CAR enthusiasts came from far and wide to celebrate the 40th birthday of a Wearside-built motor.
Fans of the Clan Crusader gathered in Washington to mark four decades of the fibreglass sports car.
It was made from 1971 to 1974 at the Crowther Industrial Estate.
However, only 340 road and 18 competition Clan Crusaders were made before production stopped.
Motorists from as far afield as Dorset and the north of Scotland journeyed to Washington for the event.
After meeting at the Holiday Inn hotel, they travelled in convoy to The Galleries shopping centre for a display.
James Spencer, secretary of the Clan Owners’ Club, said the turnout of Clan fans had left him happy.

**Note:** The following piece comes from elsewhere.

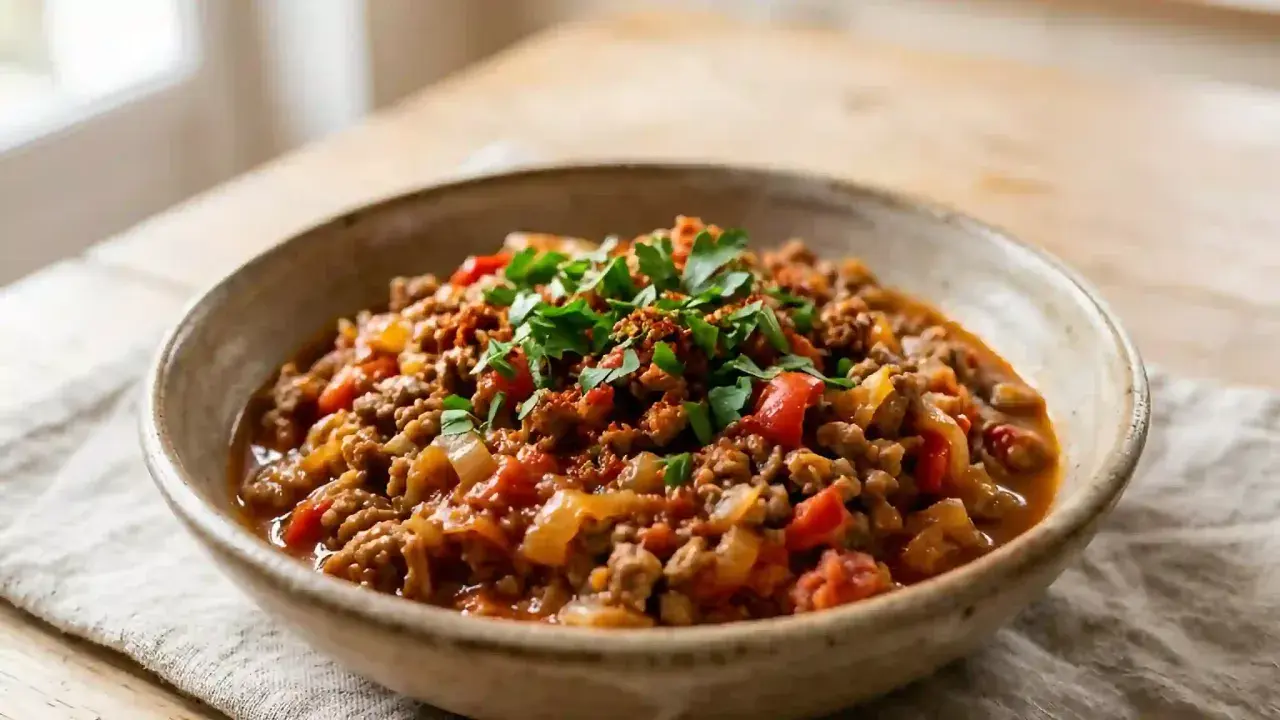 Un bol rustique de axoa de veau, garni de persil frais. Un plat réconfortant et savoureux.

He described the vehicle as “a wonderful British sports car”.
Mr Spencer said: “It’s been fantastic.
“It’s exceeded all my expectations and we’ve ended up with 46 cars at the Galleries.

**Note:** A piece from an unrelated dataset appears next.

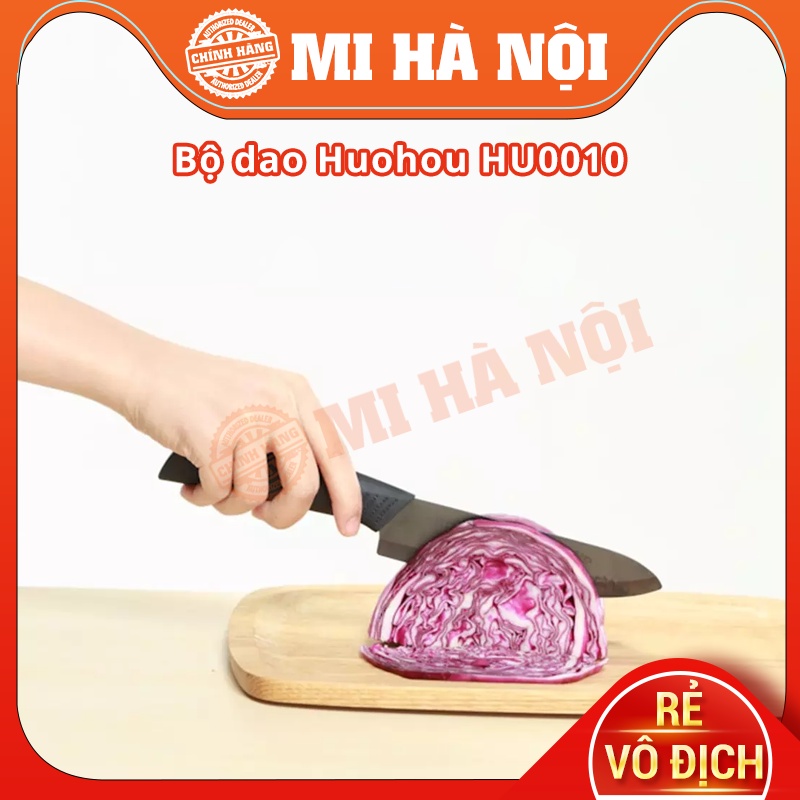 Bộ dao gốm Nano Xiaomi HuoHou HU0010 (3 dao thái và 1 dao nạo) / HU0020 (3 dao thái và 1 thớt)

“It was a wonderful event and it couldn’t have gone better.”
He said the celebrations had been “two years in the organising”.
“We are only a small club but we thought it was something worth doing.

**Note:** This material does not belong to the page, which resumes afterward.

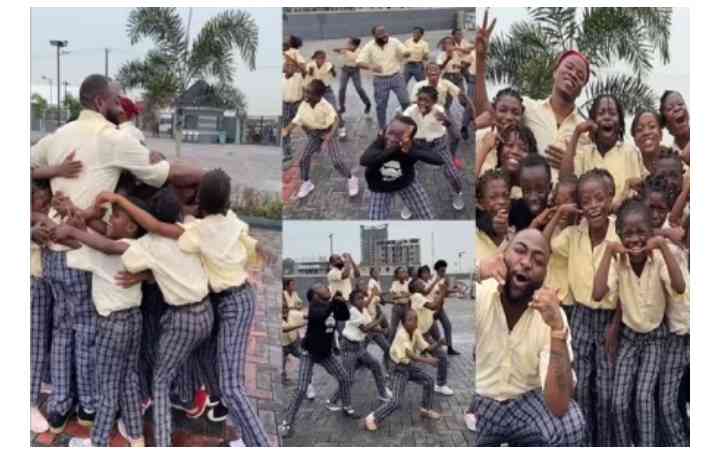 Davido spots uniform with popular dancing kids for ‘Feel’, melts hearts | MirrorLog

“People have worked on their cars for months and months to be able to get themselves here.
“It was certainly well worth doing.
“I hope I am still driving a Clan at the 50th anniversary in 10 years’ time, if I’m still able to get in one that is.”
* The Clan Crusader was designed by a group of ex-Lotus engineers led by Paul Haussauer with styling by John Frayling.
The company was set up in 1969, and production started in small scale from July 1971.
From September of that year, official production began at a new factory in Washington set up with the aid of a Government grant.
Plans to re-resurrect the Clan surfaced in 2009, but nothing has come of the project so far.